Book Synopsis From Quaker to Upper Canadian by : Robynne Rogers Healey
Download or read book From Quaker to Upper Canadian written by Robynne Rogers Healey and published by McGill-Queen's Press - MQUP. This book was released on 2006 with total page 319 pages. Available in PDF, EPUB and Kindle. Book excerpt: From Quaker to Upper Canadian is the first scholarly work to examine the transformation of this important religious community from a self-insulated group to integration within Upper Canadian society. Through a careful reconstruction of local community dynamics, Healey argues that the integration of this sect into mainstream society was the result of religious schisms that splintered the community and compelled Friends to seek affinities with other religious groups as well as the effect of cooperation between Quakers and non-Quakers.
Download or read book The Inquirer written by and published by . This book was released on 1839 with total page 650 pages. Available in PDF, EPUB and Kindle. Book excerpt:
Book Synopsis Bookseller's catalogues by : William Brough (bookseller.)
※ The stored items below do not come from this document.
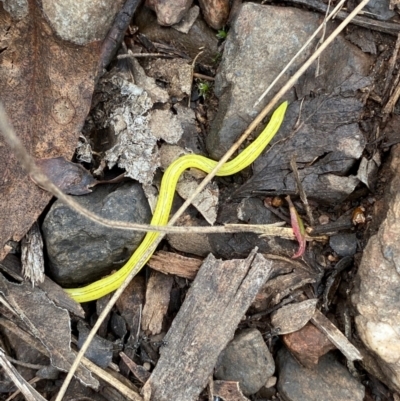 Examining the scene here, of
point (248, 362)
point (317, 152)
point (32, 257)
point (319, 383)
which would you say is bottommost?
point (319, 383)

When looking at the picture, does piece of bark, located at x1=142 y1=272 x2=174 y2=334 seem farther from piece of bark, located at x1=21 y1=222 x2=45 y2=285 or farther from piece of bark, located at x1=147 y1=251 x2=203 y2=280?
piece of bark, located at x1=21 y1=222 x2=45 y2=285

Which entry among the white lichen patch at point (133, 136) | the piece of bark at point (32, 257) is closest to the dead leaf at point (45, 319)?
the piece of bark at point (32, 257)

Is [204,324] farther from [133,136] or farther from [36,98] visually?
[36,98]

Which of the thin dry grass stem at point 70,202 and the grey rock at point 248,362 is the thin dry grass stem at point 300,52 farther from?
the grey rock at point 248,362

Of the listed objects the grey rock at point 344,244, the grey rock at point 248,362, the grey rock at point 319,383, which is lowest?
the grey rock at point 319,383

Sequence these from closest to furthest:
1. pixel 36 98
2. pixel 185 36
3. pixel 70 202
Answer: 1. pixel 70 202
2. pixel 36 98
3. pixel 185 36

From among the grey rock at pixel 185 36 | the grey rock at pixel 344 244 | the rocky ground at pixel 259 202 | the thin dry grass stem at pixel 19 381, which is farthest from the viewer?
the grey rock at pixel 185 36

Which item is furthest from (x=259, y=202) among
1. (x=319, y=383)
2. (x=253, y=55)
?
(x=319, y=383) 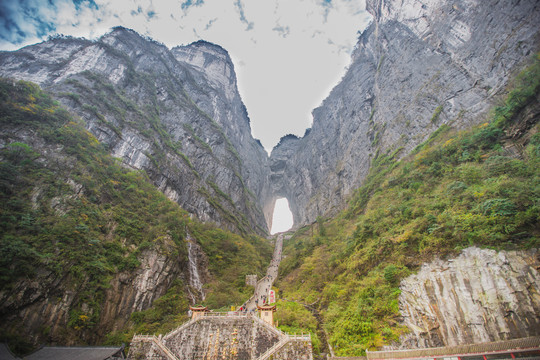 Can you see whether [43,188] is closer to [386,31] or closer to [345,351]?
[345,351]

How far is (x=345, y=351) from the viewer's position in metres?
10.8

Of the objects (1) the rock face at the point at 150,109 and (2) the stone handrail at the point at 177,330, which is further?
(1) the rock face at the point at 150,109

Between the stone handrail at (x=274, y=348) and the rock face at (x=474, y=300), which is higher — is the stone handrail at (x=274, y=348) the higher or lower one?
the lower one

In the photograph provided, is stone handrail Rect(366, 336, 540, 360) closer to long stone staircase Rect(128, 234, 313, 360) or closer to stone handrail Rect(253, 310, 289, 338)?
long stone staircase Rect(128, 234, 313, 360)

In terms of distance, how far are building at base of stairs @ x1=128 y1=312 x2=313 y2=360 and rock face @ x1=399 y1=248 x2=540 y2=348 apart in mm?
5305

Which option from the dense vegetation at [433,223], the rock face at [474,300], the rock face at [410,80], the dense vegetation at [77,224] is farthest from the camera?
the rock face at [410,80]

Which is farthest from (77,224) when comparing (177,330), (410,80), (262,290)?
(410,80)

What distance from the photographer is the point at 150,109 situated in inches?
1651

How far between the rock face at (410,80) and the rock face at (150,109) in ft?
76.9

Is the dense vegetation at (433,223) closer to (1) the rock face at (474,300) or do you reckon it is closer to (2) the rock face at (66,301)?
(1) the rock face at (474,300)

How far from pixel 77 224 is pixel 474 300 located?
866 inches

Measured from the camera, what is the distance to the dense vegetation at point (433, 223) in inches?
399

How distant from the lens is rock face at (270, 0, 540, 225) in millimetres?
21266

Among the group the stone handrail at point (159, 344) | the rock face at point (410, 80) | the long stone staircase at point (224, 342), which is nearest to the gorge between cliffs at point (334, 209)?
the rock face at point (410, 80)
Download or read book Bookseller's catalogues written by William Brough (bookseller.) and published by . This book was released on 1853 with total page 844 pages. Available in PDF, EPUB and Kindle. Book excerpt:
Book Synopsis The Life, Labours and Genius of Alexander Wilson: a Lecture ... Delivered in the Evangelical Union Chapel, Paisley, on Tuesday, 4th November, 1856 by : John Bathurst DICKSON
Download or read book The Life, Labours and Genius of Alexander Wilson: a Lecture ... Delivered in the Evangelical Union Chapel, Paisley, on Tuesday, 4th November, 1856 written by John Bathurst DICKSON and published by . This book was released on 1856 with total page 30 pages. Available in PDF, EPUB and Kindle. Book excerpt:
Book Synopsis The Monthly Repository of Theology and General Literature by :
Download or read book The Monthly Repository of Theology and General Literature written by and published by . This book was released on 1825 with total page 818 pages. Available in PDF, EPUB and Kindle. Book excerpt:
Book Synopsis Appalachians and Race by : John C. Inscoe
Download or read book Appalachians and Race written by John C. Inscoe and published by University Press of Kentucky. This book was released on 2001-12-01 with total page 340 pages. Available in PDF, EPUB and Kindle. Book excerpt: African Americans have had a profound impact on the economy, culture, and social landscape of southern Appalachia but only after a surge of study in the last two decades have their contributions been recognized by white culture. Appalachians and Race brings together 18 essays on the black experience in the mountain South in the nineteenth century. These essays provide a broad and diverse sampling of the best work on race relations in this region. The contributors consider a variety of topics: black migration into and out of the region, educational and religious missions directed at African Americans, the musical influences of interracial contacts, the political activism of blacks during reconstruction and beyond, the racial attitudes of white highlanders, and much more. Drawing from the particulars of southern mountain experiences, this collection brings together important studies of the dynamics of race not only within the region, but throughout the South and the nation over the course of the turbulent nineteenth century.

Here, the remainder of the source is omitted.